Bug #27782 MYSQL SOUNDEX collation, utf8_hungarian_ci shows false positive
Submitted: 12 Apr 2007 12:43 Modified: 4 Sep 2007 16:54
Reporter: Laszlo KAROLYI Email Updates:
Status: Duplicate Impact on me:
None 
Category:MySQL Server: Charsets Severity:S3 (Non-critical)
Version:5.0.26, 5.0.33, 5.0.37 (latest) too OS:Linux (gentoo and debian)
Assigned to: Assigned Account CPU Architecture:Any
Tags: soundex, utf8_hungarian_ci

[12 Apr 2007 12:43] Laszlo KAROLYI
Description:
Hello.

I have tested it on two machines: the soundex algorithm and queries with 'SOUNDS LIKE' are reporting false records.

One workaround is to SUBSTR() from the second character, because the first character is something weird in my cases, and as i could reproduce, this caracter causes the false positives.

I code a forum, which uses the soundex algorithm to recognize that a user is inserting one comment in many topic. (the same forum mentioned in bug #26917)

How to repeat:
Create a table, and insert a row in it (following contains hungarian words):

CREATE TABLE `proba` (
  `duma` text collate utf8_hungarian_ci NOT NULL COMMENT 'ize',
  FULLTEXT KEY `duma` (`duma`)
) ENGINE=MyISAM DEFAULT CHARSET=utf8 COLLATE=utf8_hungarian_ci;

INSERT INTO `proba` (`duma`) VALUES 
('Én úgy vagyok vele, motorszenzor legyen tökéletes.
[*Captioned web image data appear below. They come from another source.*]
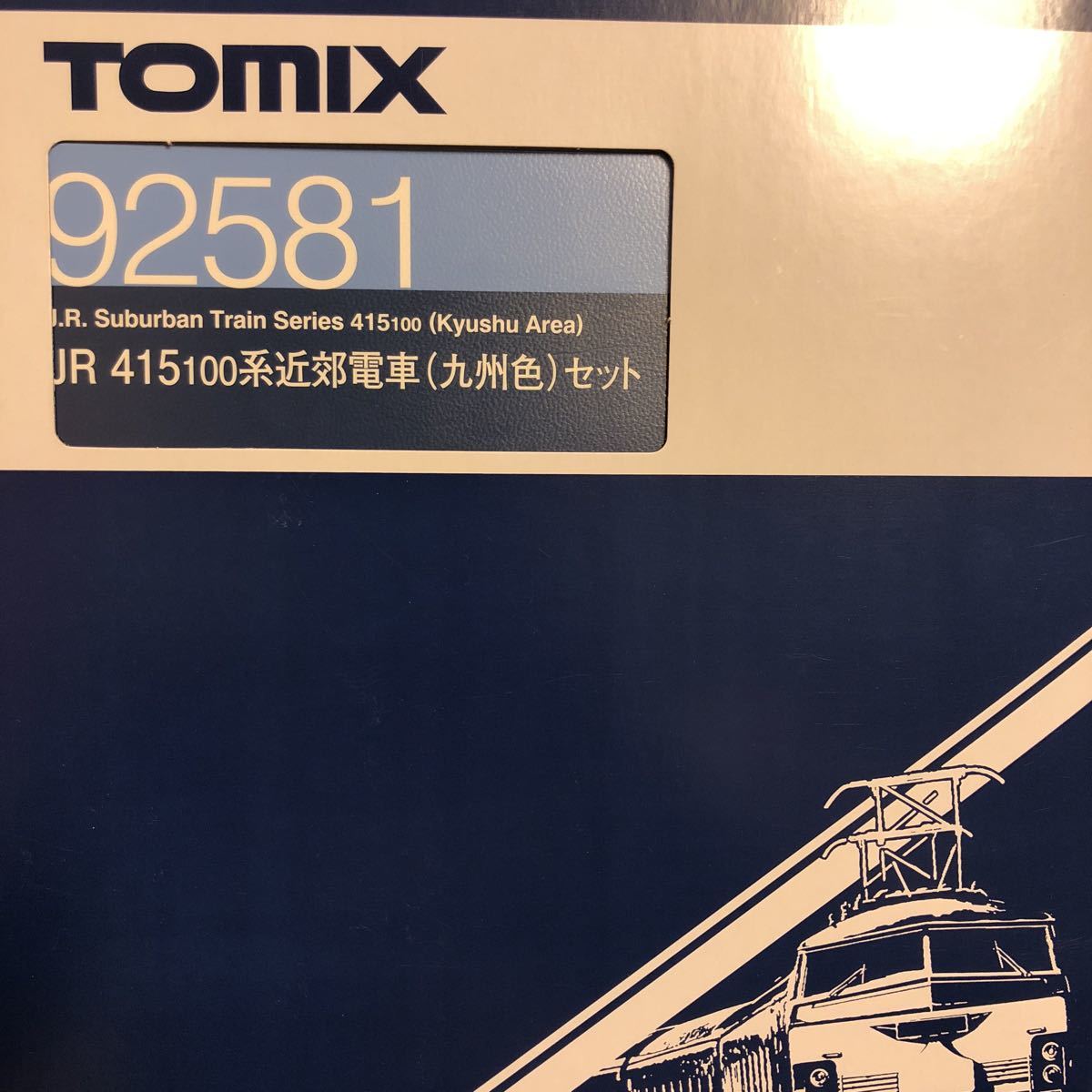 【人気，限定セール】 1000円スタート TOMIX 92581 JR415系100番台九州色セット(近郊形電車)｜売買されたオークション情報、yahooの商品情報をアーカイブ公開 - オークファン 近郊形電車
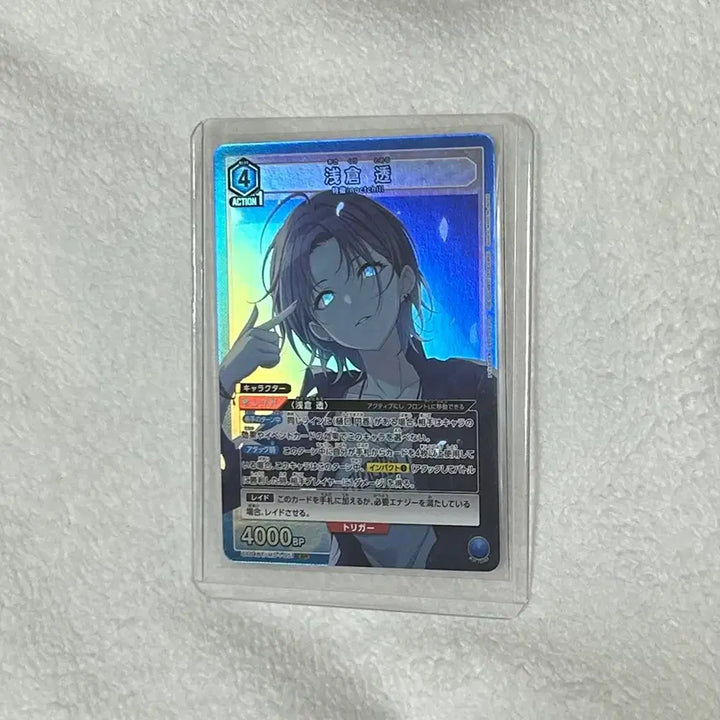 [BUNJANG] Shiny Colors Asakura Tou Card / 샤니마스 아사쿠라 토오루 카드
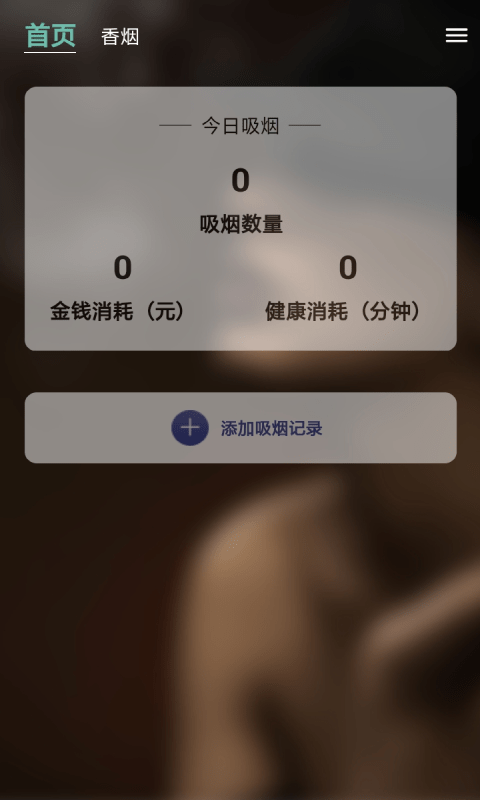 天天健康吸烟记录app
Főleg, hogy elektromos és nem mechanikus, vákumos rendszerről van szó.\r\n\r\narról nem beszélve, hogy a Crome meg a többi ki tudja mit művelt, hogyan hackelte az ECUt. Ha tökéletes lenne, nem lennének updatek, tesztek és szívások...\r\npersze ez csak az én véleményem...\r\nde először tényleg a vezetékezést, csatlakozót nézd meg.');

And then, select from it:

select * from proba where duma sounds like 'Ápr. 6.án elköltöztünk. De a postán át lett irányíttatva az érkező posta ill. az új tulaj is szólna.
Nem hiszem, hogy a kerületben kavarodott volna el, postásunk nagyon megbízható.
Ajánlva adtátok fel?'

As you can see the two comment are not even nearly the same, but the query reports that they are the same.

Suggested fix:
If you use the query like this:

select * from proba where SUBSTR(SOUNDEX(duma), 2) = SUBSTR('Ápr. 6.án elköltöztünk. De a postán át lett irányíttatva az érkező posta ill. az új tulaj is szólna.
Nem hiszem, hogy a kerületben kavarodott volna el, postásunk nagyon megbízható.
Ajánlva adtátok fel?', 2)

The report will be the expected. The first character which the soundex algoritym reports, is the sinner in this case.
[12 Apr 2007 12:45] Laszlo KAROLYI
sorry, the workaround query really looks like this:

select * from proba where SUBSTR(SOUNDEX(duma), 2) = SUBSTR(SOUNDEX('Ápr. 6.án
elköltöztünk. De a postán át lett irányíttatva az érkező posta ill. az
új tulaj is szólna.
Nem hiszem, hogy a kerületben kavarodott volna el, postásunk nagyon
megbízható.
Ajánlva adtátok fel?'), 2)

i forgot the secons SOUNDEX.
[13 Apr 2007 11:34] Sveta Smirnova
Thank you for the report.

I can not repeat it with current sources.

Please try with current 5.0.37 version and if you can repeat provide output of statements SHOW VARIABLES LIKE '%coll%'; and SHOW VARIABLES LIKE '%char%';
[17 Apr 2007 10:37] Laszlo KAROLYI
Hello Sveta,

I have compiled 5.0.37, and it seems like the problem is still not solved.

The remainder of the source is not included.